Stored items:
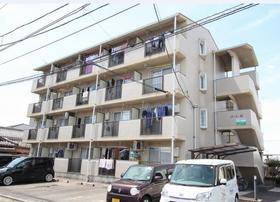 香川県高松市林町 4階建 築28年6ヶ月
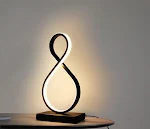 miniatures image - 2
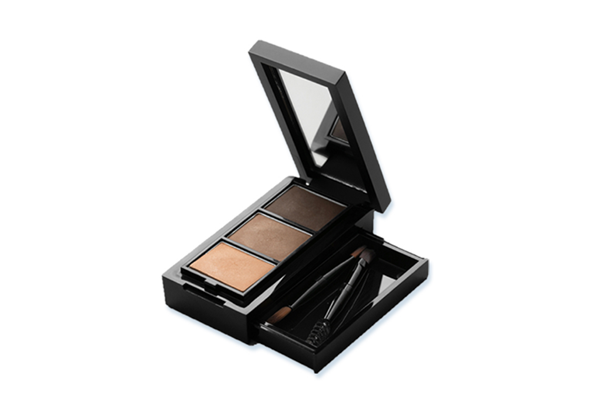 unny眉粉好用嗎 unny眉粉怎么樣 unny眉粉好用嗎 unny眉粉怎么樣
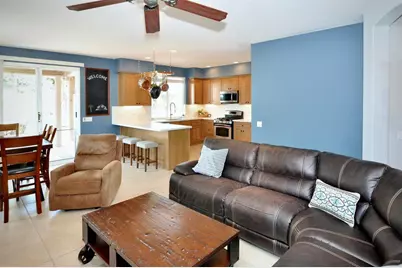 1015 Via Reata, Vista, CA 92081 - Photo 17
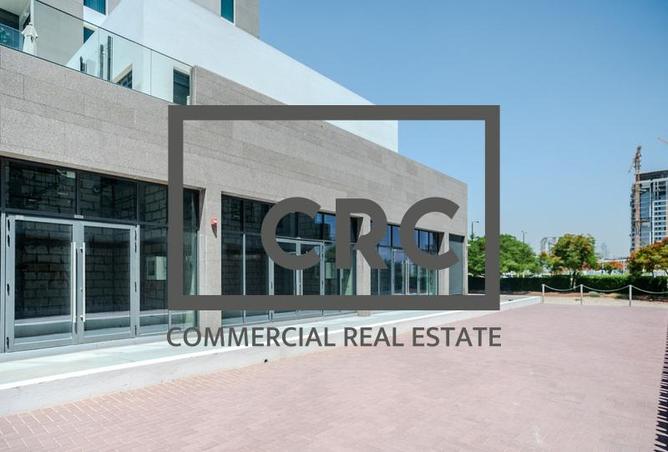 121991244 - Property Main Image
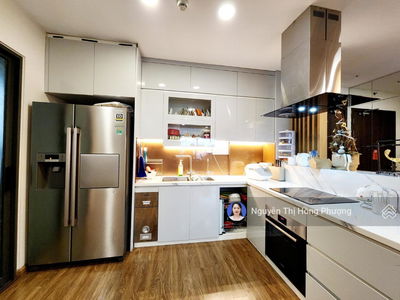 The Zen Residence Project, Vietnam The Zen Residence Project, Vietnam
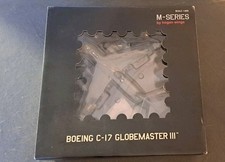 Hogan Wings 1/200 C-17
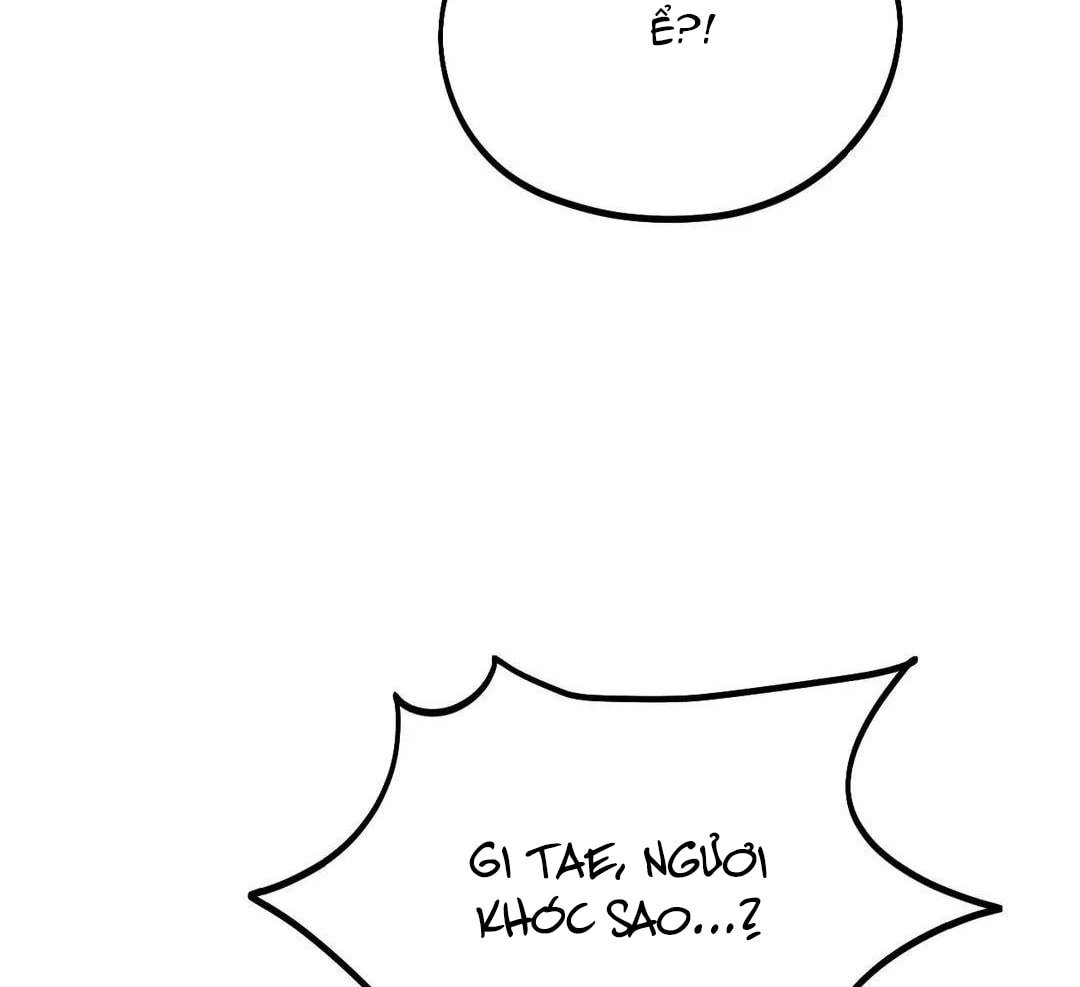 [18+] người đàn ông làm tình với quỷ chapter 8.2 114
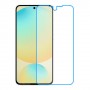 Samsung Galaxy S24 FE One unit nano Glass 9H screen protector Screen Mobile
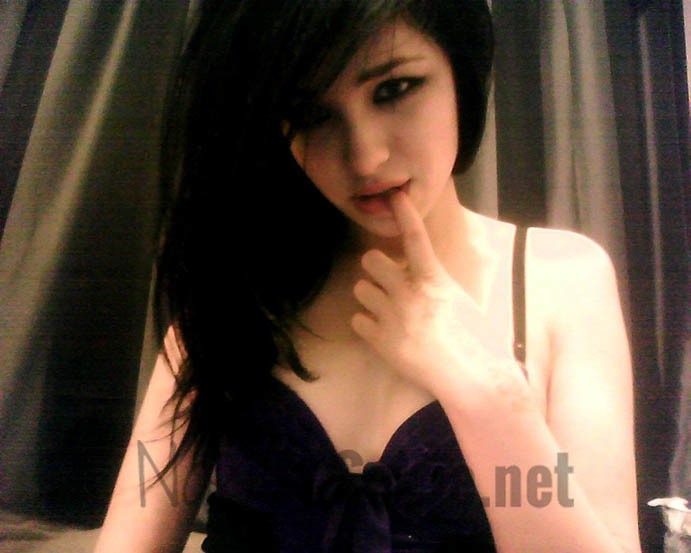 Teen gets fucked hard - sex pov selfies — 10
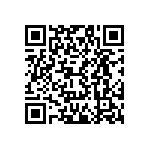 VTM48EF060M040A00 QRCode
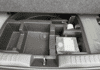 toyota-yaris-116h-design-5p-my25 - 980034713
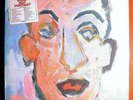 BOB DYLAN SELF-PORTRAIT SEALED ORIGINAL '70 COLUMBIA LP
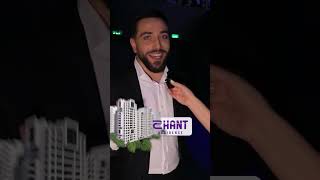 —Դրդո ջա՜ն😆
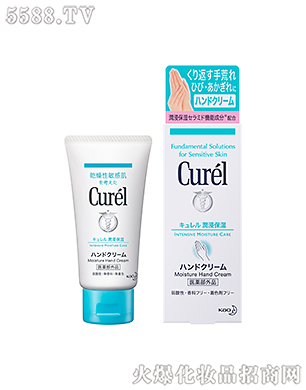 �Ϻ��������޹�˾���杙���������o��˪50g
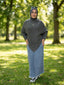 CLASSIC PLUS SKIRT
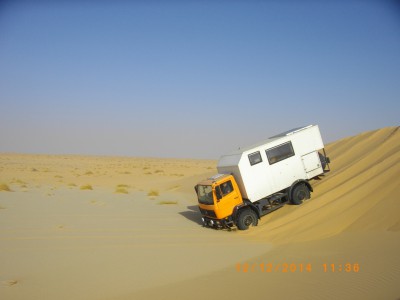 MAURITANIE 077.JPG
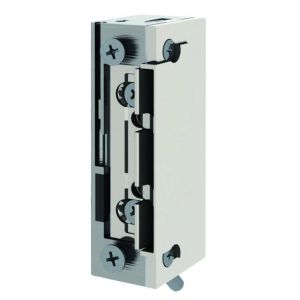 G&acirc;che &eacute;lectrique 148 Profix2 &eacute;tanche sans t&ecirc;ti&egrave;re 10 - 24 V EFF-EFF 148W.13-----A71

• **DIRECTIONS FOR THIS TASK**: Please output the lines above beginning at the line with "121991244 - Property Main Image" and ending after the line with "Samsung Galaxy S24", precisely as written and with no pictures.

• **ANSWER TO THIS PROBLEM**:
 121991244 - Property Main Image
 The Zen Residence Project, Vietnam The Zen Residence Project, Vietnam
 Hogan Wings 1/200 C-17
 [18+] người đàn ông làm tình với quỷ chapter 8.2 114
 Samsung Galaxy S24 FE One unit nano Glass 9H screen protector Screen Mobile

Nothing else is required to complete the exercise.